Very poor rendering performance

I start with Vulkan and I notice that the drawing method I use is proportionally slow to the number of objects to render. For example, it may take more than a second to refresh the view. Exactly the same test with OpenGL is instantaneous.
I use LWJGL (therefore Java) and GLFW on MacOs (Radeon Pro 580 8 Go).

It seems obvious that I am doing it wrong but I do not see how to do otherwise better.
The test consists in displaying 1728 cube (12 ^ 3) and playing on the parameters of the camera to refresh the view.

For rendering, between the vkCmdBeginRenderPass and vkCmdEndRenderPass functions I use a loop that goes through each cube. The bindings on the DescriptorSet, VertexBuffer and IndexBuffer are invoked then we call vkCmdDrawIndexed (). We start again for the next cube and so on.

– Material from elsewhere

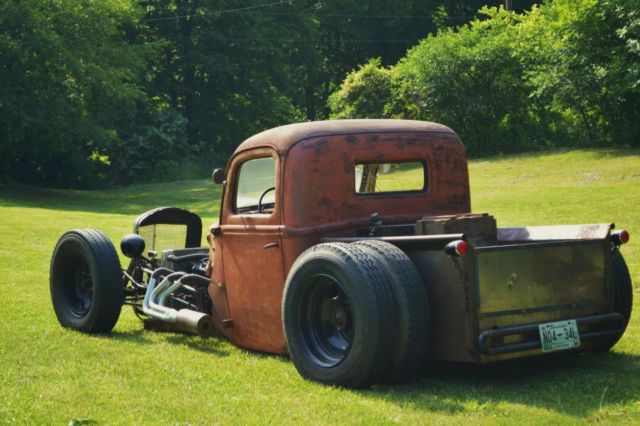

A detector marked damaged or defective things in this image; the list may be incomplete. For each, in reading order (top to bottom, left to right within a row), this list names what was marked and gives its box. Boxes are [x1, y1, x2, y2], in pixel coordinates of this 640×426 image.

rusty truck cab [210, 119, 470, 352]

There is only one dynamic DescriptorSet which contains the model view projection matrices of each cube (offset addressing) so that the transformation is done in the vertex shader.

The vertices and colors of all cubes are in a single VertexBuffer (addressing by offset) and the indexes are also in a single IndexBuffer (addressing by offset). The indexes point from the position of the cube offset in the VertexBuffer and not from the start. That is to say that for a cube (8 vertices) the indexes of the first will go from 0 to 7, the same for the second cube and so on.

The loop agorythm would be:

for each cube {
   offsetUbo = cube.getOffsetUbo ()
   offsetVertex = cube.getOffsetVertex ()
   offsetIndex = cube.getOffsetIndex ()
   cubeIndexSize = cube.getIndexSize ()

   vkCmdBindDescriptorSets (renderCommandBuffer, VK_PIPELINE_BIND_POINT_GRAPHICS, pipelineLayout, descriptorSets, offsetUbo)
   vkCmdBindPipeline (renderCommandBuffer, VK_PIPELINE_BIND_POINT_GRAPHICS, pipeline)
   vkCmdBindVertexBuffers (renderCommandBuffer, 0, vertexBuffer, offsetVertex)
   vkCmdBindIndexBuffer (renderCommandBuffer, indexBuffer, offsetIndex, VK_INDEX_TYPE_UINT16)
   vkCmdDrawIndexed (renderCommandBuffer, cubeIndexSize, 1, 0, 0, 0)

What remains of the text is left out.